W końcu obywatele meksykańscy, którzy mieszkali w Stanach Zjednoczonych z tymczasowymi


wizami - niezależnie od tego, jak długo tam pozostawali - zostaną zmuszeni do powrotu do Meksyku.
Stany wprowadzą zaostrzoną kontrolę na granicy meksykańskiej nie po to, żeby
odstraszyć imigrantów - w tym momencie nikt nie będzie chciał imigrować - ale żeby wbić klin
pomiędzy Meksyk a ludność meksykańską w Stanach. Zostanie to przedstawione jako środek bezpieczeństwa, ale
naprawdę będzie to próba wymuszenia rzeczywistości stworzonej w 1848 roku. Te i podobne działania będą po prostu irytujące
dla większości Meksykanów po obu stronach granicy, ale dostarczą amunicji radykałom i będą stanowiły groźbę dla wymiany
handlowej pomiędzy dwoma krajami.

W Meksyku będzie narastać presja polityczna na rząd, by jakoś zareagował na zaistniałą sytuację.
Wyłoni się odłam, który będzie chciał zaanektować okupowany region, odwracając amerykański
podbój z 1848 roku. Nie będzie to grupa marginalna, ale znacząca, jeśli nie dominująca, frakcja. Inni
będą się domagali, aby Stany Zjednoczone zachowały kontrolę nad obszarem Cesji Meksykańskiej i
strzegły praw jej mieszkańców -a przede wszystkim wstrzymały deportację Meksykanów niezależnie
od ich statusu wizowego.

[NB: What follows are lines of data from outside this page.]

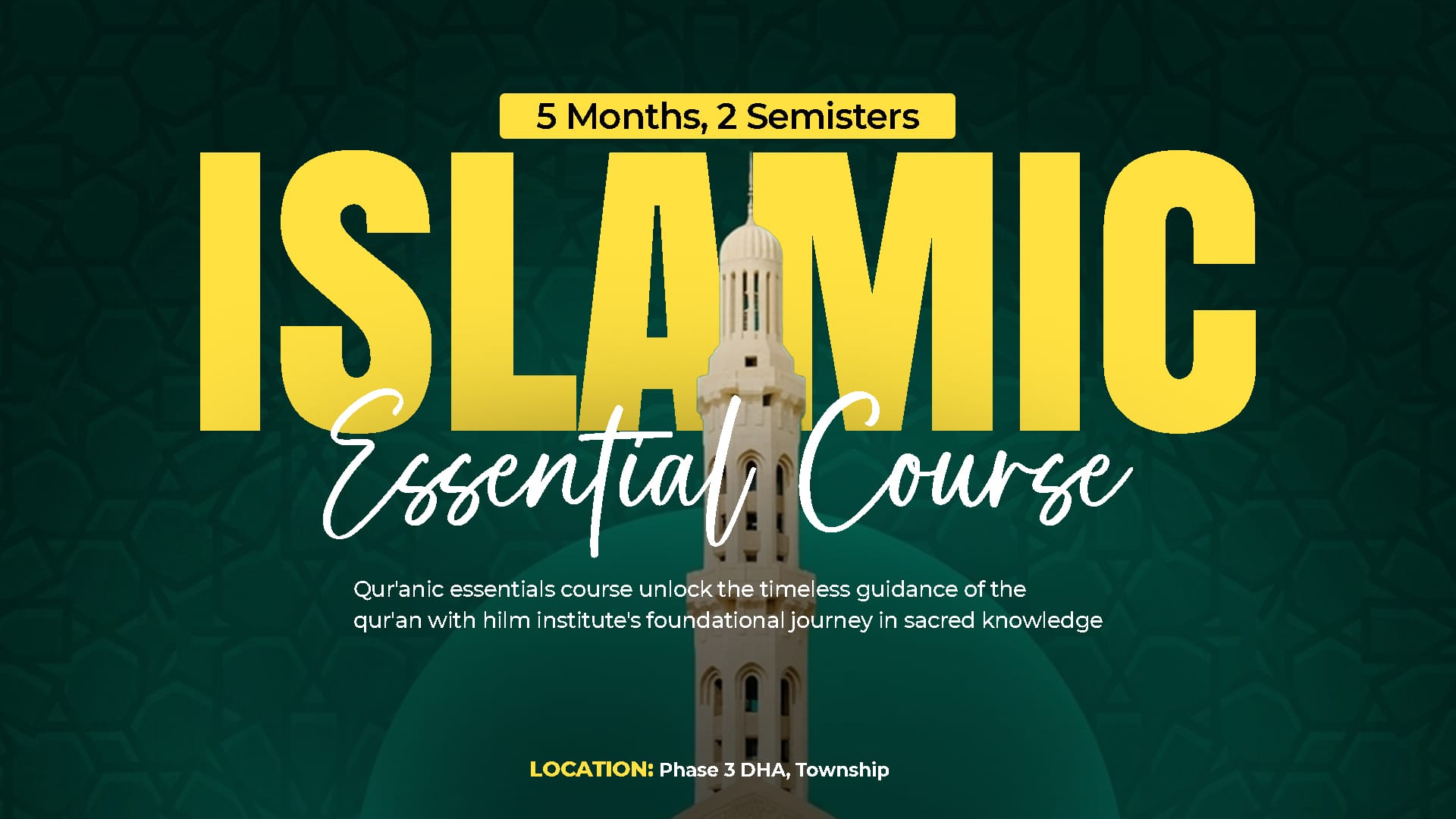 Islamic Essentials By Fatimah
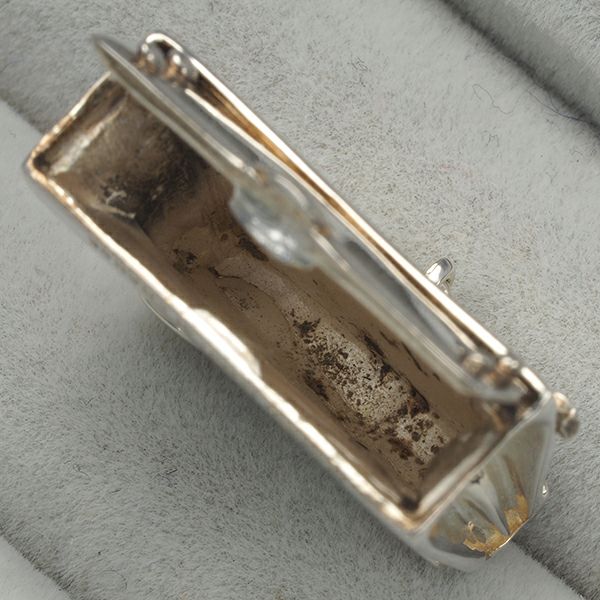 エルメス ペンダントトップ  アミュレット ケリー バッグ シルバー925 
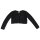 iDO Mädchen Bolero Glitzer Kuscheljacke Strickjacke marine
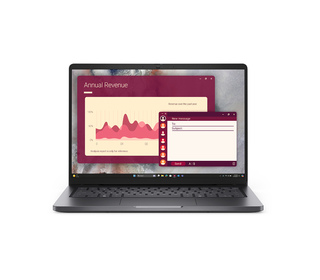 DELL Pro PC14250 14" Intel Core 5 16 Go Noir 512 Go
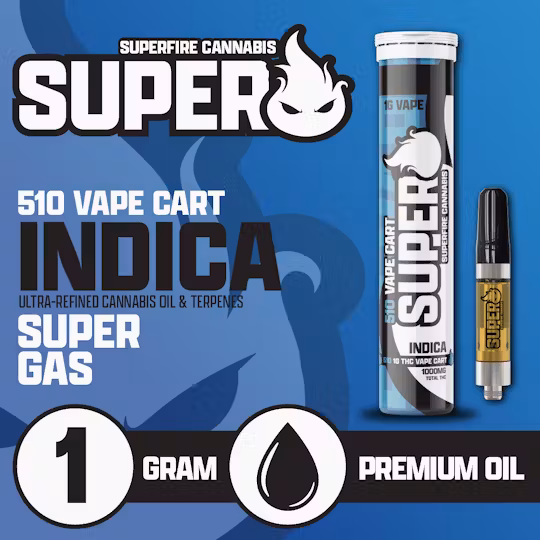 Photograph of product: SuperFire - Super Gas Cart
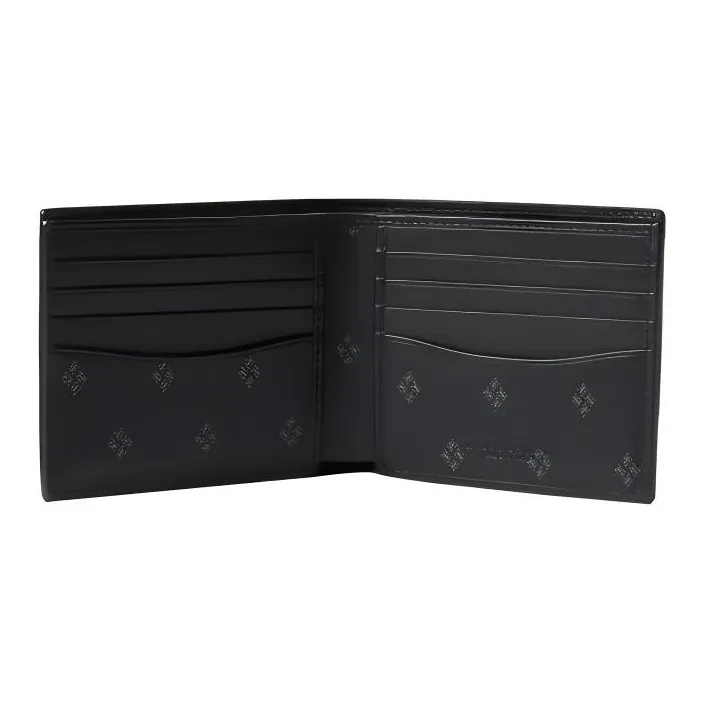 Ralph Lauren Sheepskin Wallet Unisex Black-2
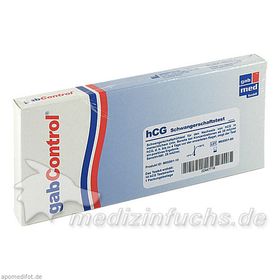 HCG Schwangerschafts Test, 10 ST – PZN 2447716 из Германии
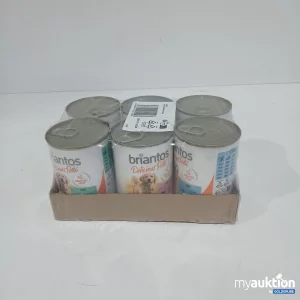 Auktion Briantos Delicious Pate Hundefutter 6x400g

Grupa dążąca do utrzymania dotychczasowego stanu rzeczy, wspierana
przez czynniki gospodarcze, które chcą stabilizacji, nie konfliktu, będzie coraz słabsza. Głosy za
aneksją będą się przeplatały z żądaniami regionalnej autonomii.

Elementy antymeksykańskie w Stanach Zjednoczonych wykorzystają radykalizację polityki


meksykańskiej, by głosić, że Meksyk zamierza się mieszać w wewnętrzne sprawy amerykańskie, a
nawet dokonać inwazji na Południowy Zachód - do czego najbardziej radykalni Meksykanie
rzeczywiście będą nawoływać. To z kolei uzasadni żądania amerykańskich ekstremistów,
domagających się jeszcze bardziej drakońskich środków, w tym deportacji wszystkich etnicznych
Meksykanów niezależnie od obywatelstwa, oraz inwazji na Meksyk, jeśli jego rząd się temu
sprzeciwi. Skrajna retoryka będzie się karmić sama sobą, zaostrzając sytuację.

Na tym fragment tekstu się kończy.